Seven rings to rule them all


I’m no scientist, but it seems like studying cannabis is kind of like studying the depths of the ocean: the deeper you go the more mind-blowing stuff you discover.

In 2019, a team of Italian researchers found a new compound in cannabis that could be 30 times as potent as THC.

Sounds pretty intense, right? Sure, but as always, there’s a lot we still don’t know. 

According to the research published in the journal Scientific Reports, the new compound, dubbed tetrahydrocannabiphorol (THCP), reacts with the CB1 receptor, same as good ol’ THC. The difference comes in the side chain of atoms each compound has that allows it to connect with cannabinoid receptors.

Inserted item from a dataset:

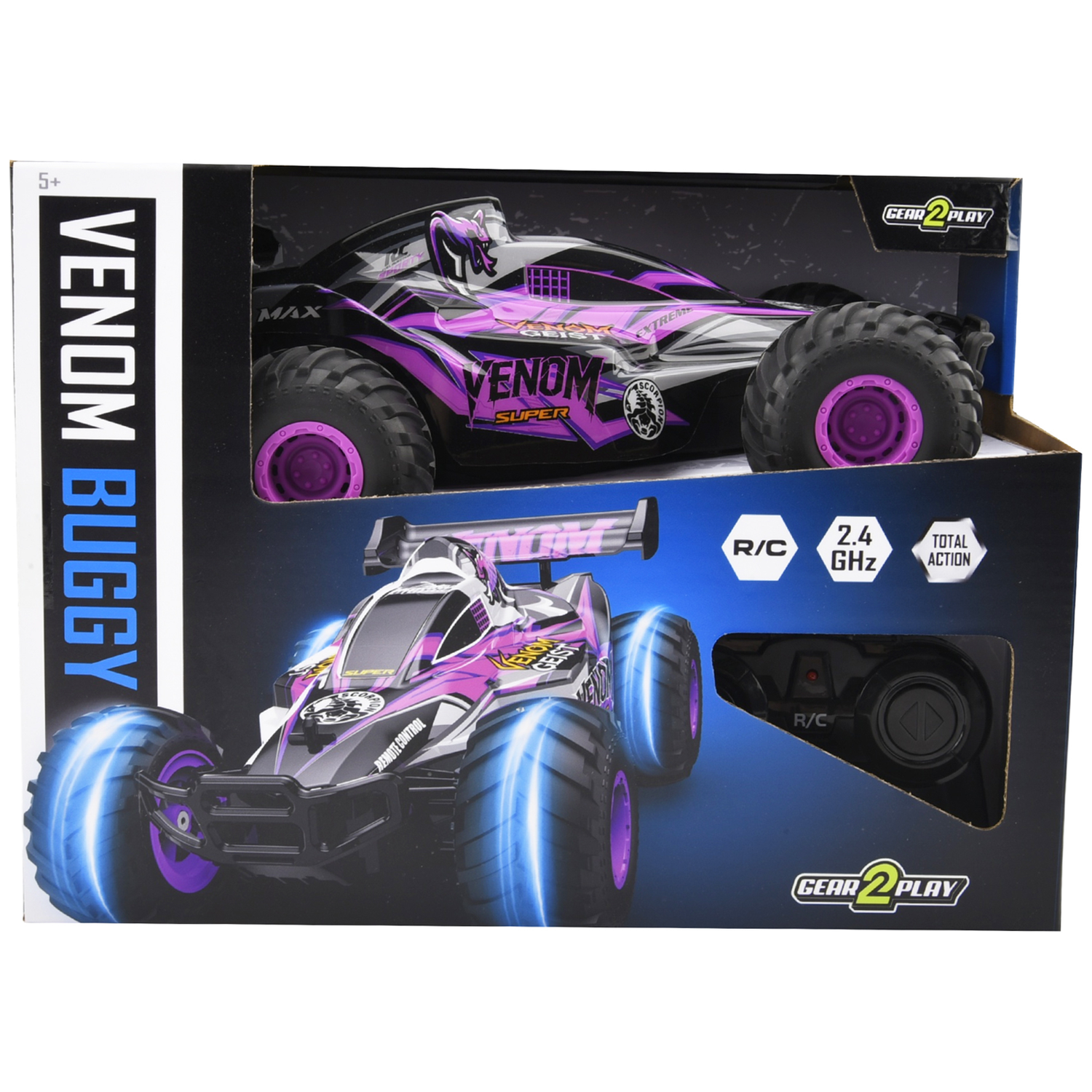 Packaging for Venom Buggy RC car in black and purple with large tires, remote, and Gear 2 Play branding.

These alkyl side chains (if you want more chemistry, you’re gonna have to look it up yourself, sorry) must have at least three carbon rings in order to plug into the CB1 receptor. THC typically has five carbon rings. But science has long posited that eight carbon rings would provide the best fit for the receptor and elicit the strongest biological response. 

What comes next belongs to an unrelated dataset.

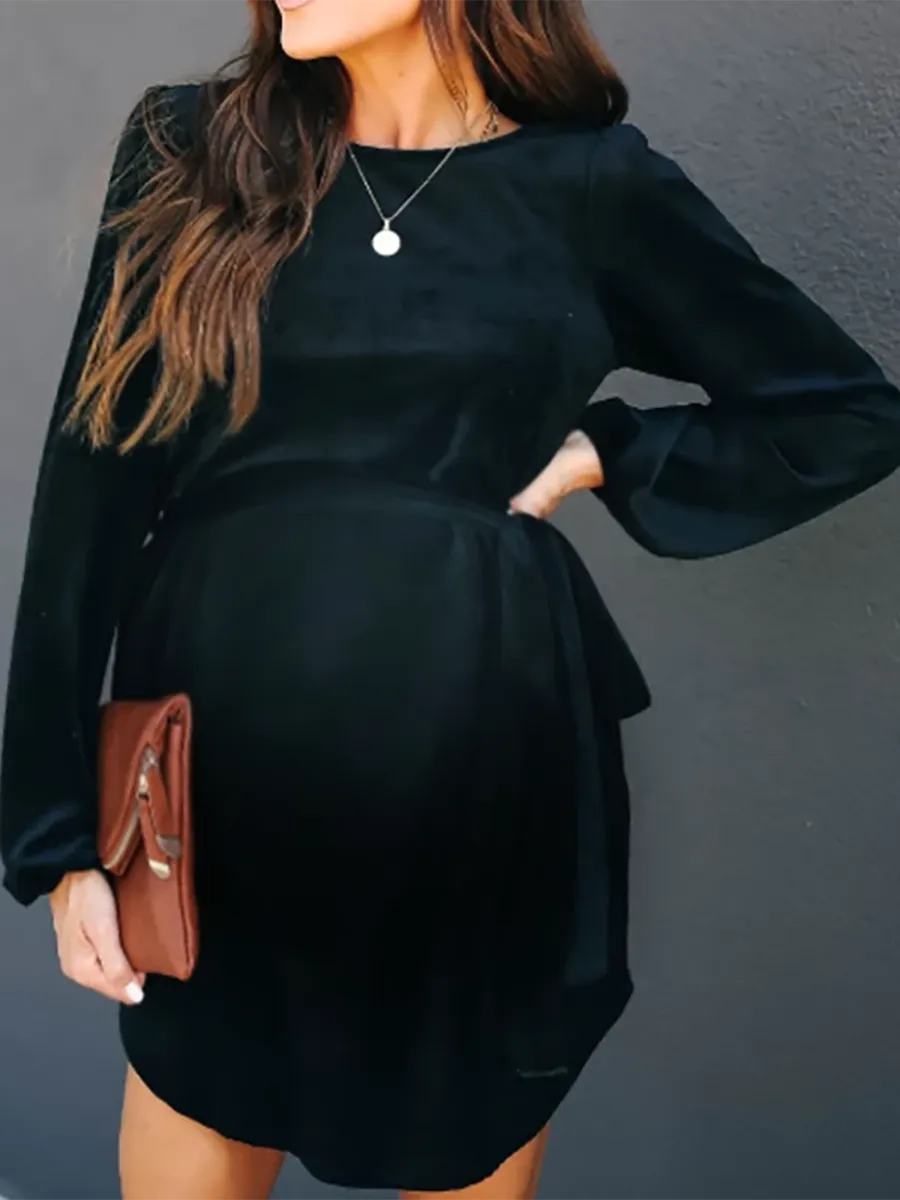 Maternity Fashionable Round Neck Casual Loose Dress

THCP has — wait for it — seven carbon rings.  

Because it has a closer fit with CB1, THCP binds more reliably to the receptor than THC, like, 30 times more reliably, which is why scientists think it may be 30 times more potent. 

This theory was supported by giving THCP to lab mice, who acted just like they would if they were given THC: their movements slowed, temperatures decreased and their reactions to painful stimuli diminished. The researchers found it would take about twice as much THC to induce the same effects in mice. 

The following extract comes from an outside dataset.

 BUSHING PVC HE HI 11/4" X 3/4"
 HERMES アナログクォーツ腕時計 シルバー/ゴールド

Problem is, they still don’t know how THCP will react in humans. Like many of the compounds found in cannabis, THCP appears to be present only in small amounts, though researchers were using low-THC cannabis for the study. Still, that doesn’t mean it’s impossible to develop larger amounts of THCP in the lab, we just don’t know yet. And just because THCP binds to the CB1 receptor more reliably than THC, that doesn’t necessarily mean that it will produce the same high as THC. Nor does it mean it will produce the same sought-after medicinal effects (appetite stimulation, and pain and nausea relief). 

The research team found another compound they dubbed cannabidiphorol, CBDP, which looks like, you guessed it, CBD but with a seven-carbon alkyl ring. But, just like CBD, CBDP doesn’t bind strongly to either CB1 or CB2. That doesn’t mean it doesn’t have functionality. In their findings, the researchers said they will remain “focused on testing [CBDP’s] anti-inflammatory, anti-oxidant and anti-epileptic activity, which are typical of CBD.”

At this point, nearly 150 phytocannabinoids have been found in the cannabis plant, but the majority still haven’t been isolated or characterized. We’re going to be seeing more research diving into these compounds, like THCP.

“In our opinion,” the team wrote in their findings, “this compound should be included in the list of the main phytocannabinoids to be determined for a correct evaluation of the pharmacological effect of the cannabis extracts administered to patients. In fact, we believe that the discovery of an extremely potent THC-like phytocannabinoid may shed light on several pharmacological effects not ascribable solely to [THC].”

With nearly 200 million people around the world using cannabis, I have to agree that it’s well past time to take a deeper dive into what makes this plant tick.